Rupiah juga akan semakin percaya diri menyusul segera diberlakukannya aturan wajib penempatan devisa hasil ekspor (DHE) yang direncanakan mulai Juli nanti.
Dalam gelar lelang TD valas DHE terakhir pada 13 April, Bank Indonesia (BI) berhasil menarik penawaran senilai total US$ 64,25 juta. Yang menarik, lelang terakhir kemarin mencatat untuk pertama kalinya permintaan terhadap tenor terpanjang yaitu 6 bulan datang dari nasabah dengan simpanan tier 1 atau nasabah eksportir dengan penempatan di atas US$ 10 juta. Total penawaran masuk untuk tenor 6 bulan dari nasabah eksportir tier 1 mencapai US$ 50 juta.
Sisanya, yaitu sebanyak US$ 9 juta di tenor 3 bulan datang dari eksportir tier 2, yaitu penempatan dana antara US$ 5 juta - US$ 10 juta. Serta sebesar US$ 5,25 juta di tenor 1 bulan dari nasabah dengan penempatan dana tier 2.

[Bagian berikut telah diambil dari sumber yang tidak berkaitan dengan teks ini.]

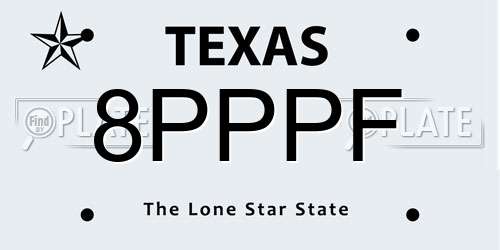 8PPPF Texas License Plate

Animo peserta lelang untuk deposito valas DHE di tenor panjang tidak bisa dilepaskan dari tingginya tawaran bunga yang diberikan oleh Bank Indonesia. Untuk tier 1 dengan penempatan di atas US$ 10 juta di deposito bertenor 6 bulan, BI menawarkan bunga 5,17%. Itu adalah tingkat bunga tertinggi yang ditawarkan oleh bank sentral dibanding semua tenor dan jenjang dana.

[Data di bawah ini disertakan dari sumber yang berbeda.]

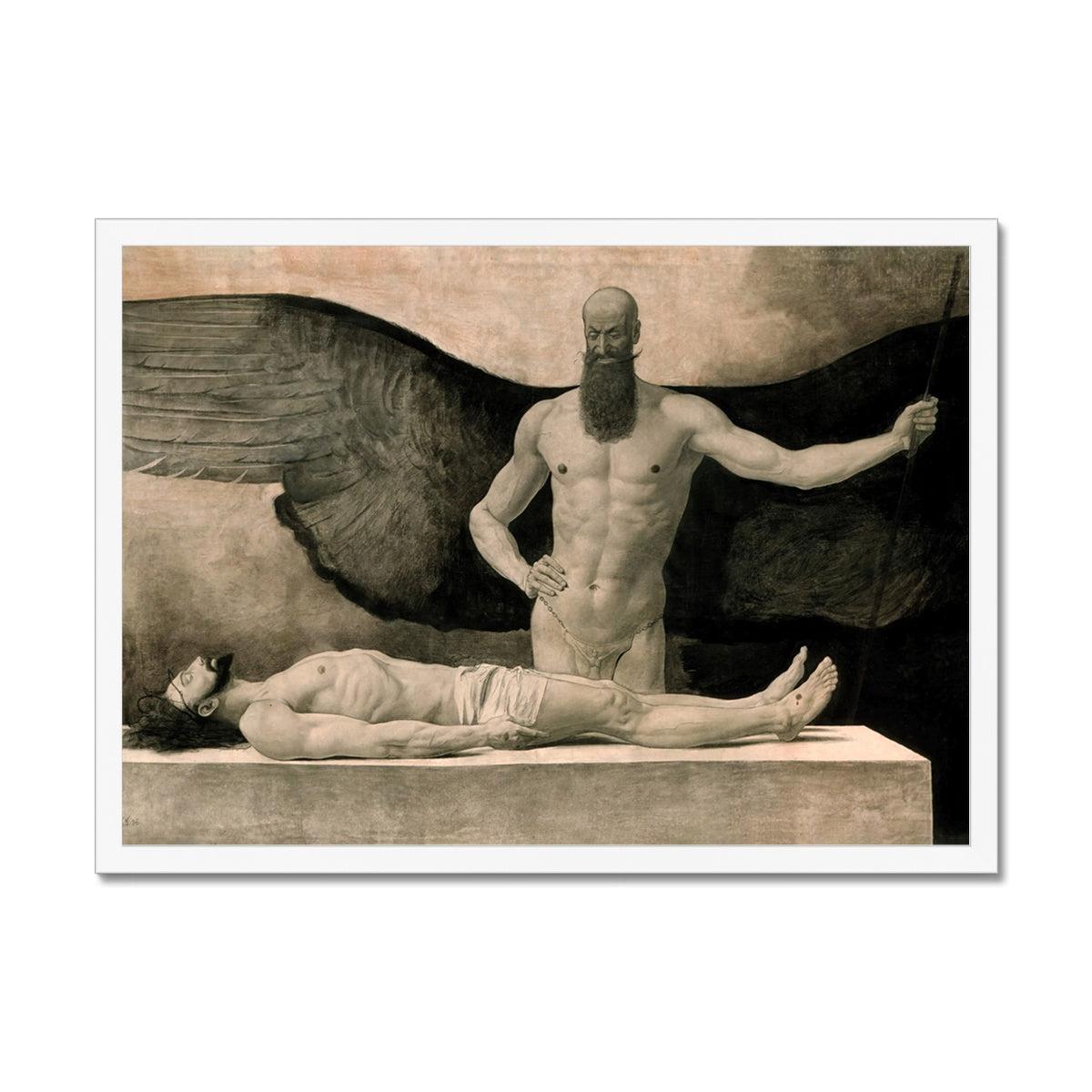 Triumph of Darkness (Sascha Schneider) | Symbolist Surreal Gothic Art Occult Supernatural Christ w Demon Homoerotic Vintage Framed Print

Total selama dua bulan digelarkan lelang TD Valas DHE, BI sudah menyerap dolar AS milik eksportir sebesar US$ 434,8 juta.

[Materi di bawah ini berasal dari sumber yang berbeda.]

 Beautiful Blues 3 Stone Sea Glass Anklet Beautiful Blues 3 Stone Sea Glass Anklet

Mulai bulan Juli nanti, pemerintah juga dikabarkan akan memulai penerapan kewajiban penempatan dolar AS bagi para eksportir sumber daya alam selama periode tertentu.
Rencananya, aturan baru itu akan mewajibkan eksportir menahan dolarnya di dalam negeri sedikitnya senilai US$ 250.000. Kewajiban menempatkan dolar AS hasil ekspor dalam periode tertentu sejatinya adalah regulasi biasa yang sudah banyak diterapkan di negara-negara lain.
Karena disebut sebagai kewajiban, pemerintah juga akan menyiapkan sanksi bila aturan itu tidak dilaksanakan. Di saat yang sama, pemerintah juga menyiapkan gula-gula pemanis seperti berbagai insentif yang akan diberikan pada eksportir maupun bank yang terlibat dalam penarikan devisa hasil ekspor.
Aturan penempatan wajib DHE dari sektor industri sumber daya alam itu tentu akan memberi sokongan lebih besar bagi suplai dolar AS di sistem perekonomian domestik dan pada akhirnya akan membantu Indonesia meminimalisasi tekanan dan guncangan sektor eksternal yang rentan menggoyang kekuatan nilai tukar rupiah.